The result of a four-year collaboration between Harvard Graduate School of Education researchers and 11 Independent Schools Victoria (ISV) principals, the guide will provide case studies from Harvard’s Leading Learning that Matters project.

Melbourne’s Beaconhills College is one school which will feature in the guide.

Tony Sheumack, the school’s principal, says his school has spent a lot of time over the past four years examining the Harvard research and looking at how it might apply to the college.

“For us it was very much building a program of what learning matters for our local community, and we’ve built it using a lot of the work, and particularly a lot of the research tools from Harvard,” he says.

“We developed our six main areas of education for Beaconhills College, that became a strategic plan, which we’ve implemented.”

The school has decided to focus on the six key pillars of ‘learning’ , ‘environment’, ‘our world and other cultures’, ‘citizenship and service’, ‘wellbeing’ as well as ‘values and character’.

According to Harvard academic Dr Flossie Chua, the Leading Learning that Matters project focuses on learning that enables students to “grapple productively and insightfully with the learning that is going to be most useful and relevant for their future lives”.
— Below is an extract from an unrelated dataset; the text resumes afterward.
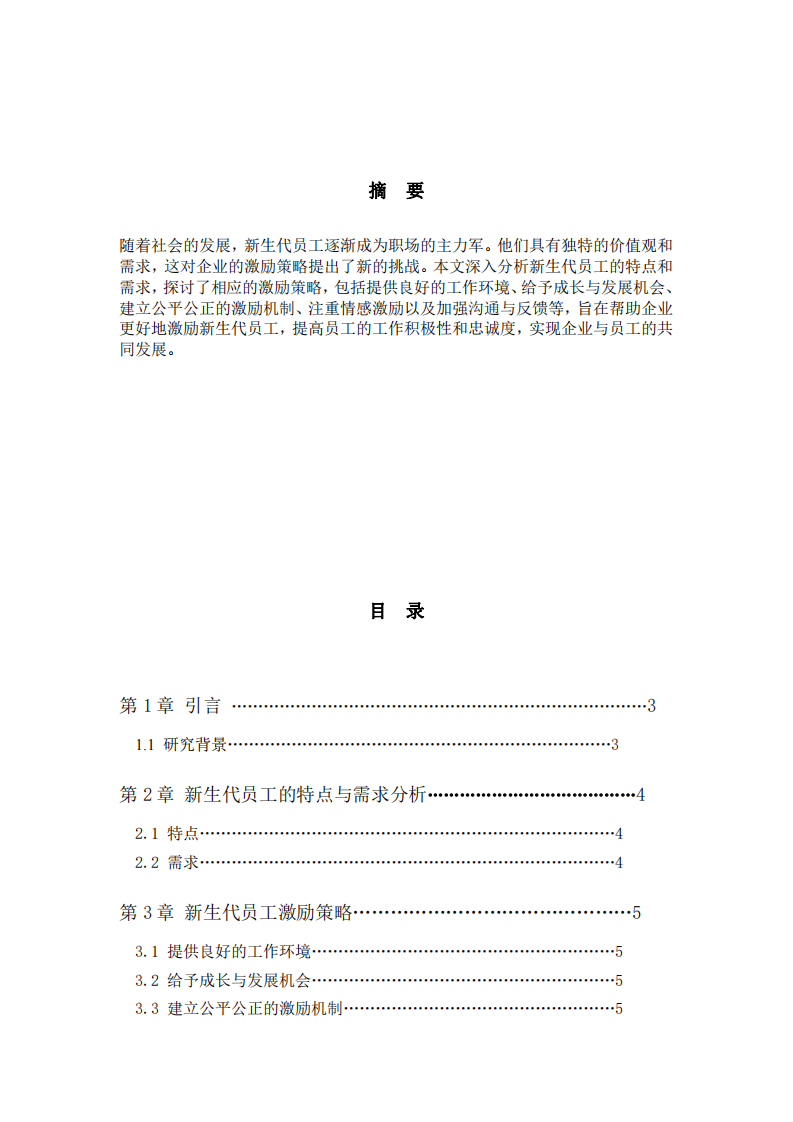 探討新生代員工的激勵策略方法-第2頁-縮略圖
After visiting Beaconhillls College, Chua said Sheumack had “a very clear vision about the kind of learning that mattered for Beaconhills, a vision that he invited the teaching, administrative, and technical staff to weigh in on, so that they felt ownership of the project”.
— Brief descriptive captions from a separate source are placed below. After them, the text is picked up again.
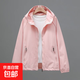春秋外套女新款百搭休閑沖鋒衣寬松大碼夾克薄款小香風(fēng)上衣防風(fēng)衣 粉色 L 101-120斤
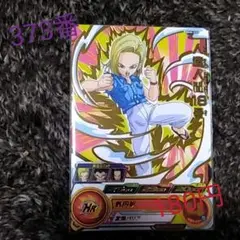 スーパードラゴンボールヒーローズ BM8-033 人造人間18号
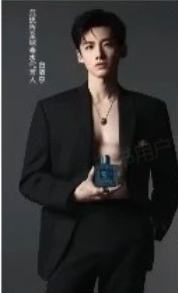 范思哲小卡 ver.D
“It may have started as ‘the principal’s project’... but very quickly developed into everyone feeling strongly that it was ‘our project’,” she says.
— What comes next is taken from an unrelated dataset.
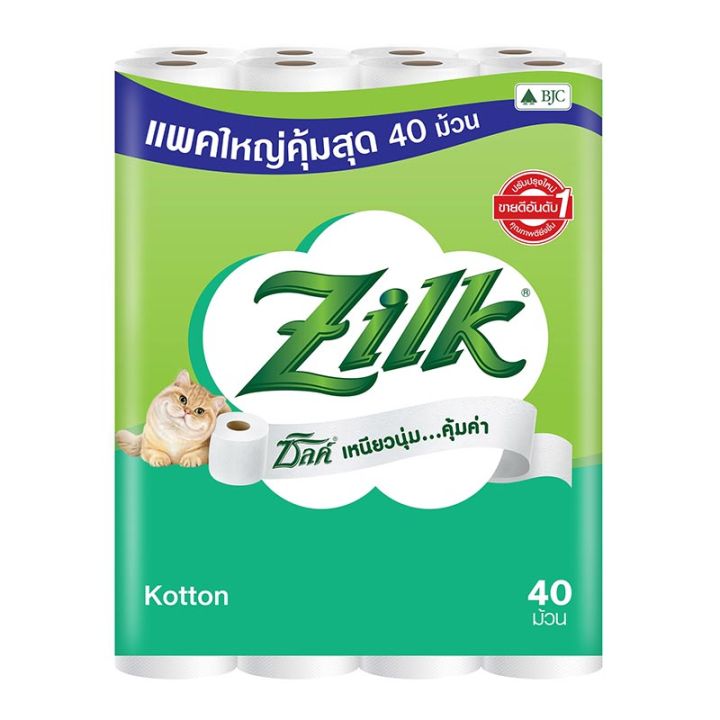 Zilk Kotton Toilet Tissue x 40 Rolls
Of particular interest to the Harvard team, was Beaconhills College’s Indigenous cultural learning program.

“Part of the project was to develop a guide that Harvard’s producing, for school leaders, both locally and internationally, and because of our work in Indigenous education … it was certainly one that they had looked at and was seen as a very good project to be incorporated in best practice, if you like, for other schools,” Sheumack explains.

The program has been noted as one which allows students to participate in Indigenous culture, rather than simply learn about it.

“That’s what makes it real for everybody, is that it’s not something to be taught to people, you want people to be actively engaged in it,” Sheumack says.

One element of the program involves Year 9 and 10 students on outdoor education camps learning and practising the Aboriginal tradition of deep reflection, shared learning, and storytelling.

And when international students visit Beaconhills, they participate in Indigenous cooking workshops with local Aboriginal people.

The student cohort at Beaconhills College is largely non-Indigenous, and relishes any chance to engage with an ancient and valued culture.

“For us it’s been a very special project because we’ve been very much working with the local Indigenous flavour,” Sheumack says.

“Unlike other schools that have looked at scholarships for Indigenous children from remote communities, ours have been very much about educating our own school.

“Also having a local Indigenous educator on staff who has been leading the project and embedding it in our education program … the uniqueness for us has been that it’s been very local, it’s been developed with the local Indigenous community, and we’re very much about educating ourselves...”

Sheumack says it is hoped his school’s case study will inspire other leaders, not so much to follow suit, but to look at what learning matters for them.

“The guide would be a tool for all communities to really interrogate and research what’s right for them, and build programs that matter for their children. “And every different setting of schools would have different priorities,” he says.